SEOUL, July 30 (UPI) -- After a weeklong war of words, North Korea and the U.N. Command met in Panmunjom, a hamlet on the frontier separating the two Koreas.
Colonels from both sides sat down to discuss how they could restart stalled negotiations to secure peace on the peninsular between the nations that are technically still at war since the 1953 cease-fire.
Issues discussed included the highly contentious sinking of a South Korean warship allegedly by a North Korean submarine, a U.N. Command statement said.
The torpedo sinking of the Cheonan corvette in March near the disputed inter-Korean border cost the lives of 46 South Korean sailors.
Tensions rose dramatically this summer after a major international investigation pinned the blame on North Korea. But the hard-line communist government in Pyongyang has consistently denied any involvement.
The North Korean government also was vociferous this week in its condemnation of a four-day military exercise by South Korean and U.S. forces that included naval and air movements close to the demilitarized border.
At one point Pyongyang threatened military action, a move that prompted its staunchest ally China to ask for calm by all sides.
At a meeting of the Association of Southeast Asian Nations in the Vietnamese capital Hanoi last week, a senior North Korean delegate declared the exercises as hostile.
The exercises in the Sea of Japan, to the east of the Korean peninsula, included the nuclear-powered aircraft carrier the USS George Washington, 20 other ships and submarines, and around 100 aircraft.
U.S. Gen. Walter Sharp, commander of the 28,500 U.S. troops in South Korea who leads the South Korean-based U.S.-led U.N. Command, said the maneuvers were defensive in nature but also "designed to send a clear message to North Korea that its aggressive behavior must stop."
In the wake of the Cheonan incident, the United States increased its trade sanctions against North Korea, a move denounced by Pyongyang.
"The sanctions are a direct expression of intensified hostility," North Korean spokesman Ri Tong Il said. "The U.S. should make concrete steps toward engaging in dialogue if it is serious about ridding the Korean peninsula of nuclear weapons."

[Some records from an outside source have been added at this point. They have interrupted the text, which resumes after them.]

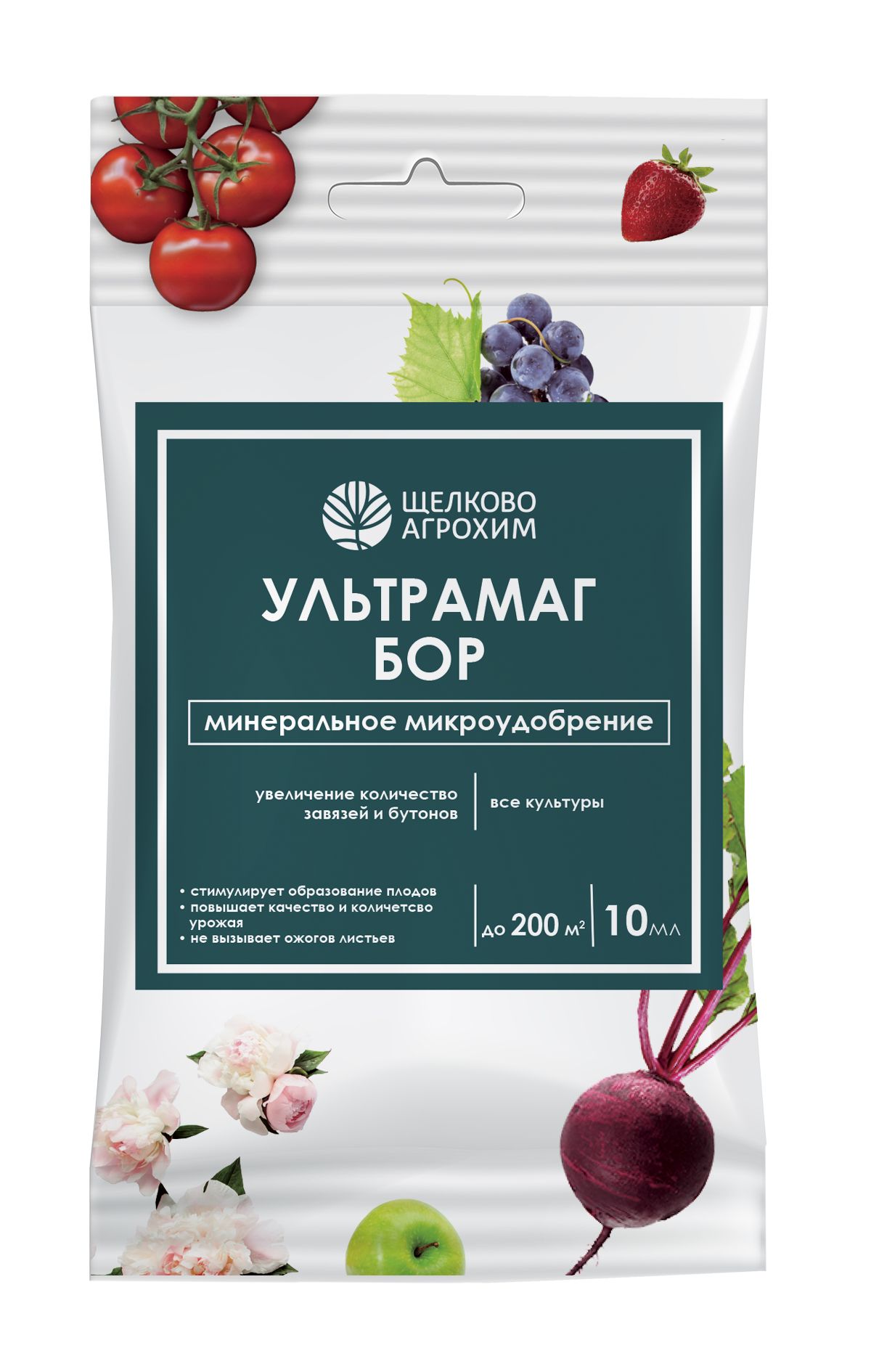 Ультрамаг молибден. Удобрение «ультрамаг бор». ультрамаг. сзр ультрамаг бор.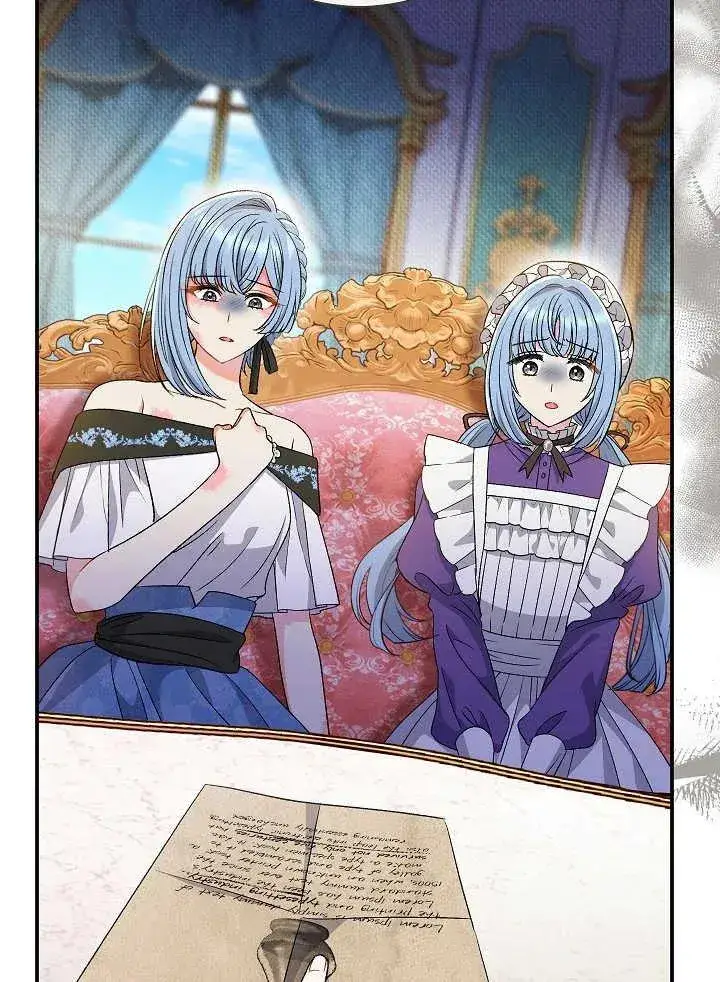 《恶女的相亲对象太完美了》第38话图40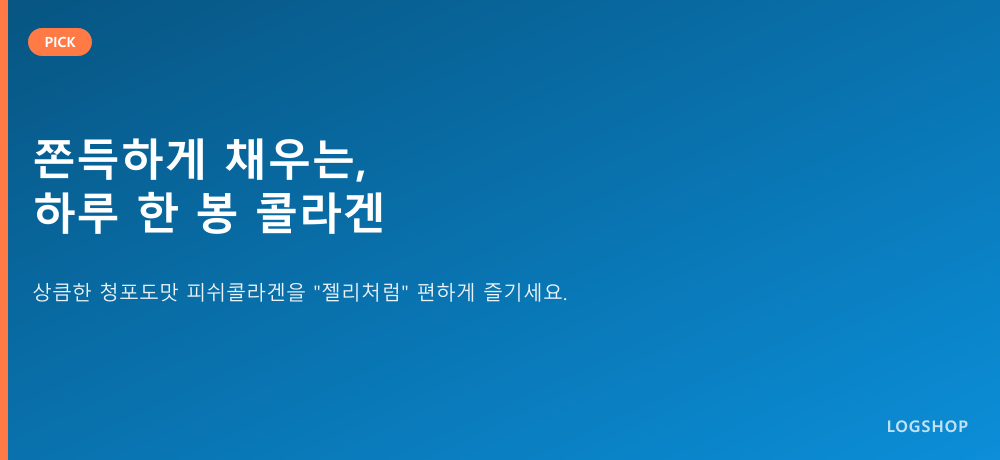 상세 이미지 1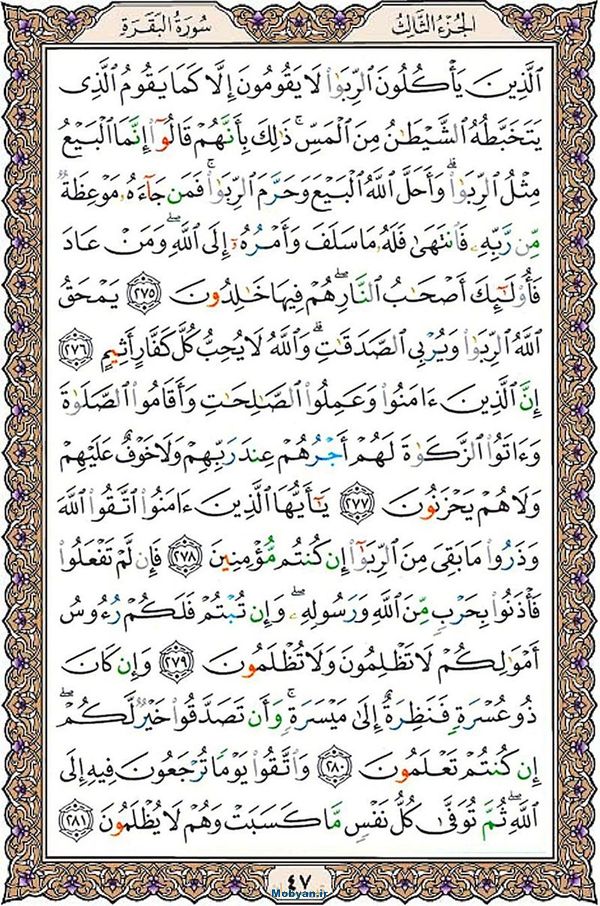 شروع صبح با قرآن کریم صفحه 47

However, he said North Korea is willing to returning to the stalled six-party talks with China, Japan, Russia, South Korea and the United States on North Korea's nuclear weapons program.
The group hasn't met since December 2008.
But North Korea's willingness to restart talks, as well as discuss the Cheonan incident, with the U.N. Command is an indication that tensions may be easing at last, some analysts said.
This week Secretary of State Hillary Clinton and Defense Secretary Robert Gates were visiting the "border truce village" of Panmunjom where talks were taking place.
They were under the watchful and curious gaze of North Korean soldiers when they visited the Military Armistice Commission meeting room in a rectangular building. The structure has one door opening out to the South and another door leading to the North.
The border runs down the middle of the room's long conference table where for many years both sides have sat facing each other for their talks.